Data records START

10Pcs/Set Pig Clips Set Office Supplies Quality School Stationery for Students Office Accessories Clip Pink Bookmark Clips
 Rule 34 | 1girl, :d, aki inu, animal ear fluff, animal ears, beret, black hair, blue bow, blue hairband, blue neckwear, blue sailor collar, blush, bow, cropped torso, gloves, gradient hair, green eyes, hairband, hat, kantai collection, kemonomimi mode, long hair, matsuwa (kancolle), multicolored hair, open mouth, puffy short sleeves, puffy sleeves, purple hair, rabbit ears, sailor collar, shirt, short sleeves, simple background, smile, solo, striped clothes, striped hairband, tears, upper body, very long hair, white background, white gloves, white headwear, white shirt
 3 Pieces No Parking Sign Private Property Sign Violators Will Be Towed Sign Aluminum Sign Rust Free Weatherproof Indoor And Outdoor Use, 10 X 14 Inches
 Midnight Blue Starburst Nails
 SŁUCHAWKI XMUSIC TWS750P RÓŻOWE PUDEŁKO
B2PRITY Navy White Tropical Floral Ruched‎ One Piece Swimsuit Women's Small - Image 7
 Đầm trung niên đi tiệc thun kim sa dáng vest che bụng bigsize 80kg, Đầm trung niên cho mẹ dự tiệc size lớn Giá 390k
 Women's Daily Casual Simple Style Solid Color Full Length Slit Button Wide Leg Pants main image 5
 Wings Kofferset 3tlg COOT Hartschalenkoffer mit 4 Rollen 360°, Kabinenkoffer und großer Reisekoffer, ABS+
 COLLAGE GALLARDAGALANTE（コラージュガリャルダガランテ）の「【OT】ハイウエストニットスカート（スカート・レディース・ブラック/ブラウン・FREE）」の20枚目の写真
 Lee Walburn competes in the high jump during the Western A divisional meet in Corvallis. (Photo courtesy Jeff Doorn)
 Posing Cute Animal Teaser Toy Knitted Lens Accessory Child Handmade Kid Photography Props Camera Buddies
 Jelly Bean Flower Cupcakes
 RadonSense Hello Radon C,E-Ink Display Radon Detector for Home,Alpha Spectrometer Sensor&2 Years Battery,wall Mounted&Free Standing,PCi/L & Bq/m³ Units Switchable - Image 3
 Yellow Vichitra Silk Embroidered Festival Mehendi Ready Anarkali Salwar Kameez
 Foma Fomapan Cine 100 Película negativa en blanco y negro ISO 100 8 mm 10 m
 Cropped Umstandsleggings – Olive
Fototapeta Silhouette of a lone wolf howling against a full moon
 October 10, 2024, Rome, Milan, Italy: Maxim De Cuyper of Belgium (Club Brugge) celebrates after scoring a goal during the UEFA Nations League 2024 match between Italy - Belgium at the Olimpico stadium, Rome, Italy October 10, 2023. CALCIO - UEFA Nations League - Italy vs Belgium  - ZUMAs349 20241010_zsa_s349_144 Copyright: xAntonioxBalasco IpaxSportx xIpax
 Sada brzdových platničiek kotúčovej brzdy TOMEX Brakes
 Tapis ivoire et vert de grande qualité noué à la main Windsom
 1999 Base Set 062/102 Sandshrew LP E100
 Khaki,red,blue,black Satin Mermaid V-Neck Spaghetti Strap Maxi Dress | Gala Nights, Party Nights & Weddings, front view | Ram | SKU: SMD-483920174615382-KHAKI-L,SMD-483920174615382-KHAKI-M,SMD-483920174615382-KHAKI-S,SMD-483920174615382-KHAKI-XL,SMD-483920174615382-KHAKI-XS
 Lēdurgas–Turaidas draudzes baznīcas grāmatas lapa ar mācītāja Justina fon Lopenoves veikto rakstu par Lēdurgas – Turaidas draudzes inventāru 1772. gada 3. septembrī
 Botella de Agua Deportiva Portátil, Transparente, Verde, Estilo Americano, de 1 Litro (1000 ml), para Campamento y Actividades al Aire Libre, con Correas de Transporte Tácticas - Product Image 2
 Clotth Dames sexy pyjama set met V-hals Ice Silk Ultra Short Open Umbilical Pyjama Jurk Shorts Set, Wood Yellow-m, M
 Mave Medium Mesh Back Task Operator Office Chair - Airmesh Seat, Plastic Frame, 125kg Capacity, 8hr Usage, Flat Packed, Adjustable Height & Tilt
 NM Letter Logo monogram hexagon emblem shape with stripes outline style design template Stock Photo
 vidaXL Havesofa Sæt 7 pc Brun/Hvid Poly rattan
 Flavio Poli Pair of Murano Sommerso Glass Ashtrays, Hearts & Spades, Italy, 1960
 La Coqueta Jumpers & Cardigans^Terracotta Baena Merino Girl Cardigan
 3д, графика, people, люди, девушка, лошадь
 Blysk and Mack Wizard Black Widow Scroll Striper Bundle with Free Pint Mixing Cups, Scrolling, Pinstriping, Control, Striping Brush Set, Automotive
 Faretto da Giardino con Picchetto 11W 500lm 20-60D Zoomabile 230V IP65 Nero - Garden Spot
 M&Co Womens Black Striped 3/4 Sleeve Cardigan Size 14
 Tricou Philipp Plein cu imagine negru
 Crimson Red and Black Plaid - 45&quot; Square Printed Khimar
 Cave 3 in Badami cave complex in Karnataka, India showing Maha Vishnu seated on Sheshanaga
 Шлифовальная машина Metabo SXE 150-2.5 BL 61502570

Data records END

Aim of the task → Nothing is wanted except the number of lines in the entries above that include the word "Silk".

Exercise result → 2